→ Given data:
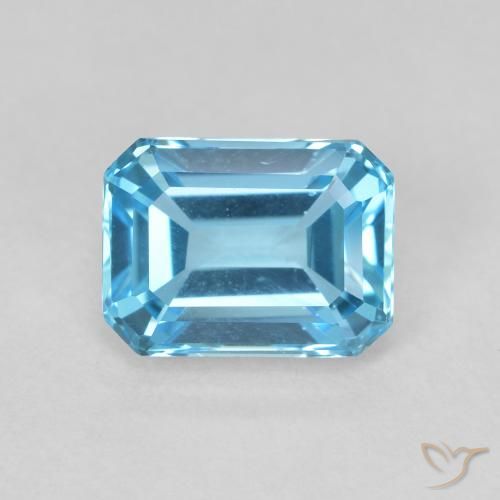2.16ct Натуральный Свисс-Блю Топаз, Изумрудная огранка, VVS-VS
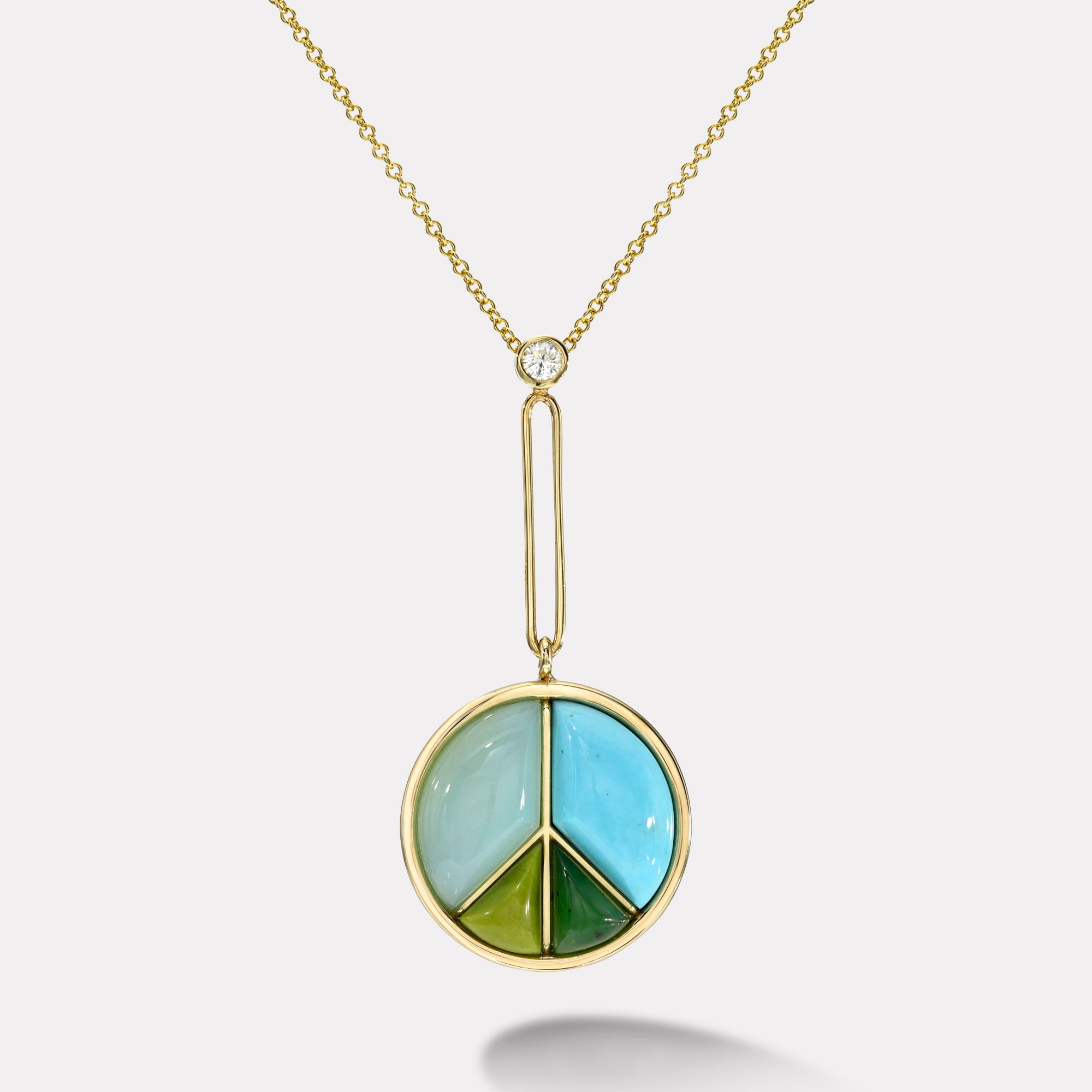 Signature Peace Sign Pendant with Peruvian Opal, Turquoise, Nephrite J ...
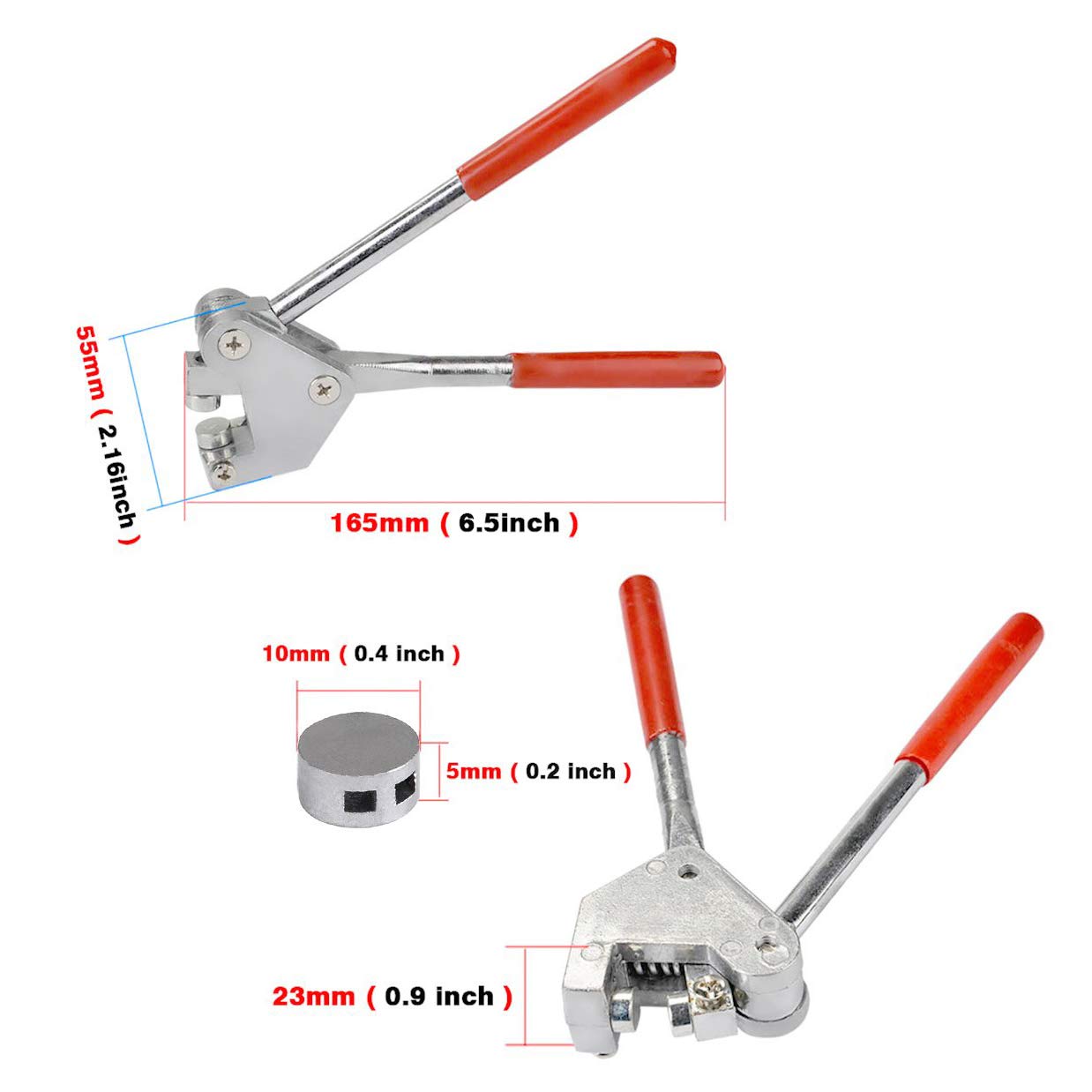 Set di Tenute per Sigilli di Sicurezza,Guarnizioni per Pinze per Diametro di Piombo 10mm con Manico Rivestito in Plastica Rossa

--

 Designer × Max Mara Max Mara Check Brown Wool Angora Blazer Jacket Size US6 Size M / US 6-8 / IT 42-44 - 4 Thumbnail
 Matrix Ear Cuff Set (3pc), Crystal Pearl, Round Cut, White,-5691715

→ Task goal:
The stretch to restate runs from the line above containing "2.16ct Натуральный Свисс-Блю" through the line containing "Set di Tenute". Copy it word for word, ends included, without pictures.

→ Finished task:
2.16ct Натуральный Свисс-Блю Топаз, Изумрудная огранка, VVS-VS
 Signature Peace Sign Pendant with Peruvian Opal, Turquoise, Nephrite J ...
 Set di Tenute per Sigilli di Sicurezza,Guarnizioni per Pinze per Diametro di Piombo 10mm con Manico Rivestito in Plastica Rossa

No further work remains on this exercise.